[Exercise]: In the entries below, begin at the line with "ライオンズマンション松山の居間・リビング" and stop after the line with "Used 2021 Subaru"; output those lines exactly and omit the pictures.

[Task material]:

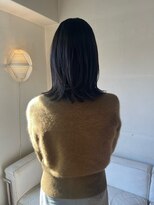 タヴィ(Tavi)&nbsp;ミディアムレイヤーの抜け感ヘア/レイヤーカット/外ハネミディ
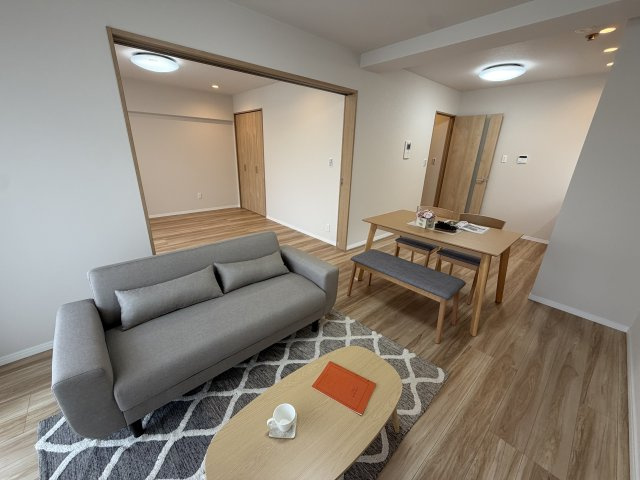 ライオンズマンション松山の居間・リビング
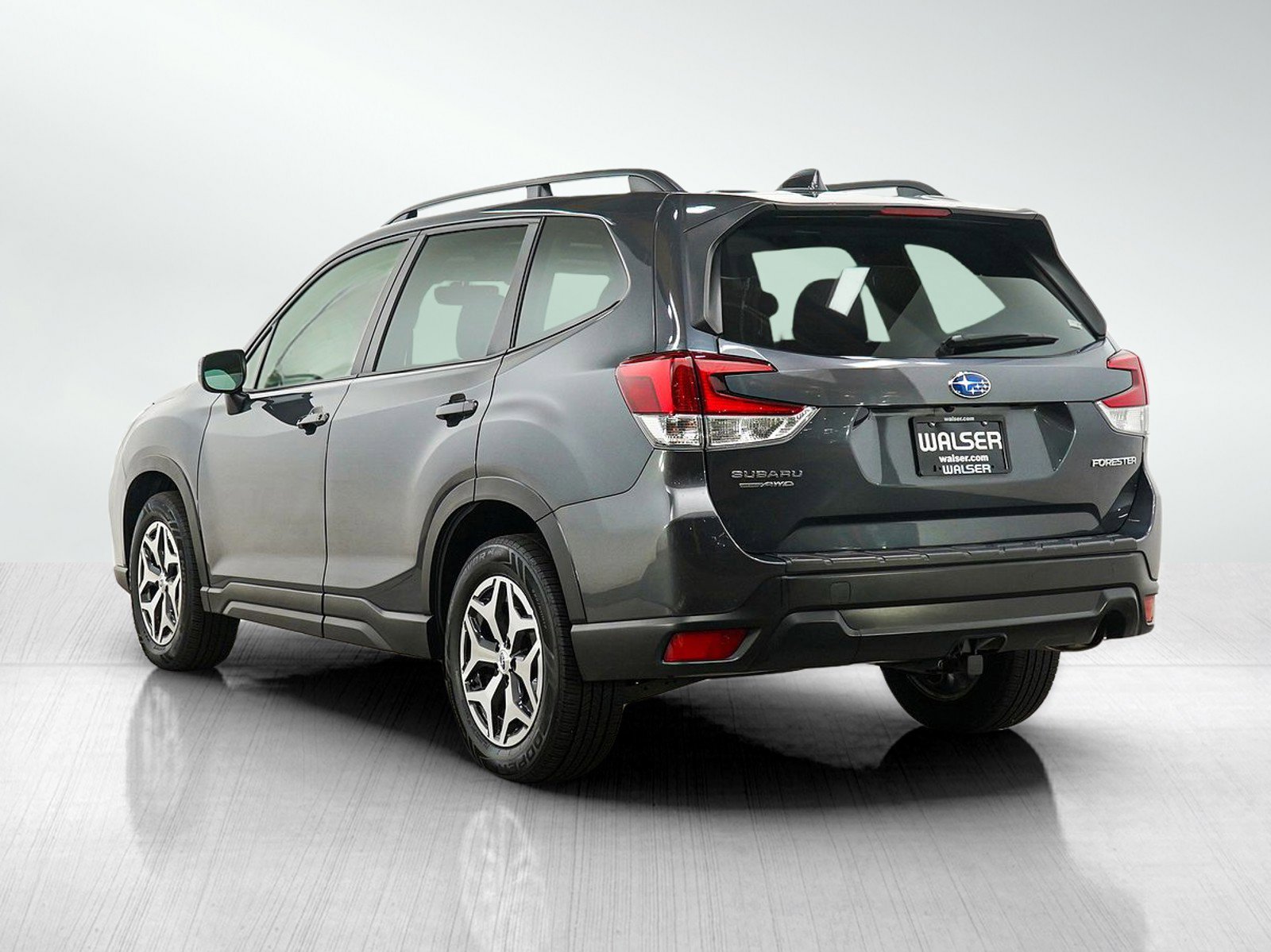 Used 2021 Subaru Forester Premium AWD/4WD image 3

---

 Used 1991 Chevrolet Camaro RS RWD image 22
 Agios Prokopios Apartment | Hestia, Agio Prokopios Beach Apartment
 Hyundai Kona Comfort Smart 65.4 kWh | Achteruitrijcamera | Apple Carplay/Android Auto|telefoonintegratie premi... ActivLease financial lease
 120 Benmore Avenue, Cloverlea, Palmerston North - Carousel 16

[Answer for the task]:
 ライオンズマンション松山の居間・リビング
 Used 2021 Subaru Forester Premium AWD/4WD image 3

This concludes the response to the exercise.